DATA EXTRACT:

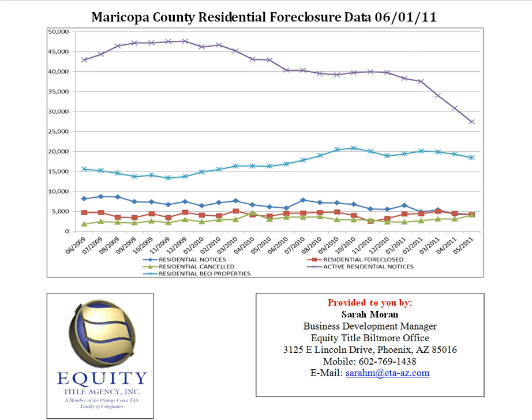As you can see, there are five lines of data. The top two lines, the purple and the light blue line, represent overall numbers, whereas the bottom three lines are representing the monthly numbers.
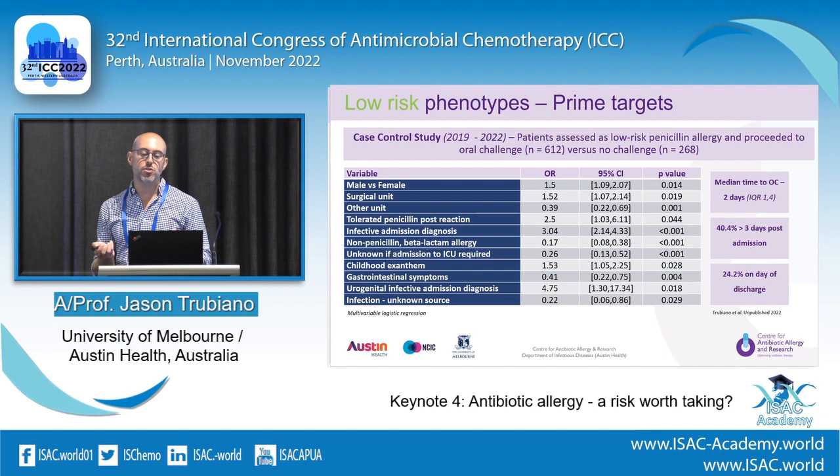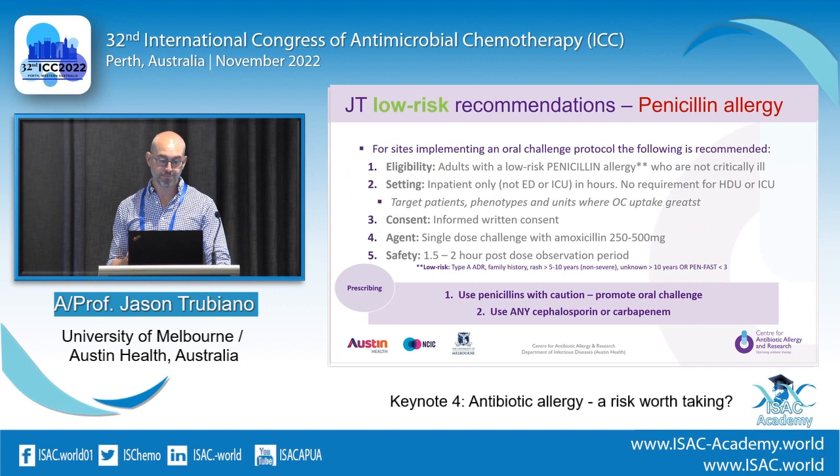Timing matters too. We try to get everyone at admission, but that's probably the wrong time — our median time to oral challenge was actually two days. It's probably better to assess on day two. A lot are done after three days when there's clinical stability, and a fair chunk are done on day of discharge. This helps when you're planning your model setup.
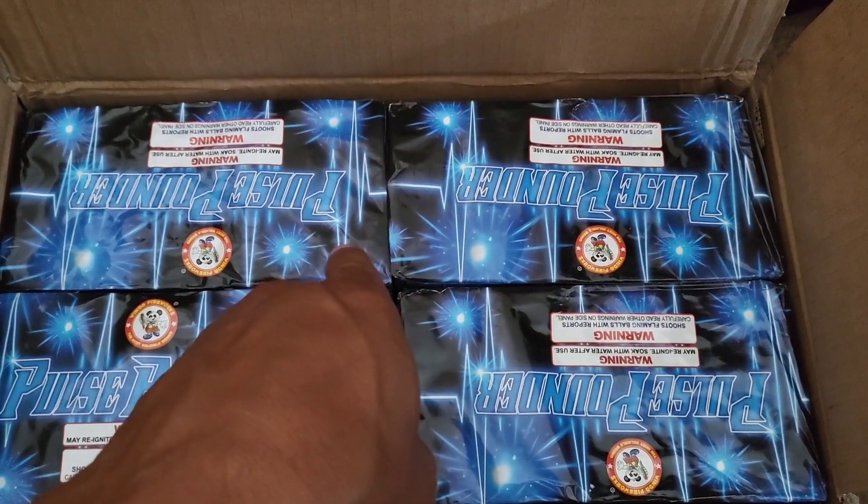Here we go — here's the demo. Pulse Pounder, check it out, light up the sky! What's up Pyros, this is Pyro Ronnie and right here is Pulse Pounder by Winda, 50 shots, 200-gram report cake.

ASSIGNED TASK: Leaving every picture out, write out exactly the lines from the beginning of the listing above to the line with "Timing matters too.", inclusive.

RESPONSE TO THIS TASK:
As you can see, there are five lines of data. The top two lines, the purple and the light blue line, represent overall numbers, whereas the bottom three lines are representing the monthly numbers.
Timing matters too. We try to get everyone at admission, but that's probably the wrong time — our median time to oral challenge was actually two days. It's probably better to assess on day two. A lot are done after three days when there's clinical stability, and a fair chunk are done on day of discharge. This helps when you're planning your model setup.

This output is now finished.